▶ WHAT THE TASK ASKS: From the line containing "Insertar una imagen de una página Web" to the final line of the entries, every line is to be reproduced exactly; no other line belongs in the output.
******
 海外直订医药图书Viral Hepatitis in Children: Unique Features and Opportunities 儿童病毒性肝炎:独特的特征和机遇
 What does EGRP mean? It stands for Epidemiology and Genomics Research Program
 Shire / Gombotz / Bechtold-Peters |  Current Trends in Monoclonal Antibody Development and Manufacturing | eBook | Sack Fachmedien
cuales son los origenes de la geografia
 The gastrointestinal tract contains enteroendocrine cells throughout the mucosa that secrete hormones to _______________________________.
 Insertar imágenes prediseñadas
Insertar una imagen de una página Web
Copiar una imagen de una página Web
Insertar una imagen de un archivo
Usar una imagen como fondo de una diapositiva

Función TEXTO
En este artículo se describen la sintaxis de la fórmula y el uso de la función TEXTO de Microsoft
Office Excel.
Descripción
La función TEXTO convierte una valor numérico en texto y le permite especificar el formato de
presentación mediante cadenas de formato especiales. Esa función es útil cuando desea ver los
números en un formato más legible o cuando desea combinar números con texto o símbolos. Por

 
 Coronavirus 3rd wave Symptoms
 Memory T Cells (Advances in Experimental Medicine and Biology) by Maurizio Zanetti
******
▶ REPLY:
Insertar una imagen de una página Web
Copiar una imagen de una página Web
Insertar una imagen de un archivo
Usar una imagen como fondo de una diapositiva

Función TEXTO
En este artículo se describen la sintaxis de la fórmula y el uso de la función TEXTO de Microsoft
Office Excel.
Descripción
La función TEXTO convierte una valor numérico en texto y le permite especificar el formato de
presentación mediante cadenas de formato especiales. Esa función es útil cuando desea ver los
números en un formato más legible o cuando desea combinar números con texto o símbolos. Por

 
 Coronavirus 3rd wave Symptoms
 Memory T Cells (Advances in Experimental Medicine and Biology) by Maurizio Zanetti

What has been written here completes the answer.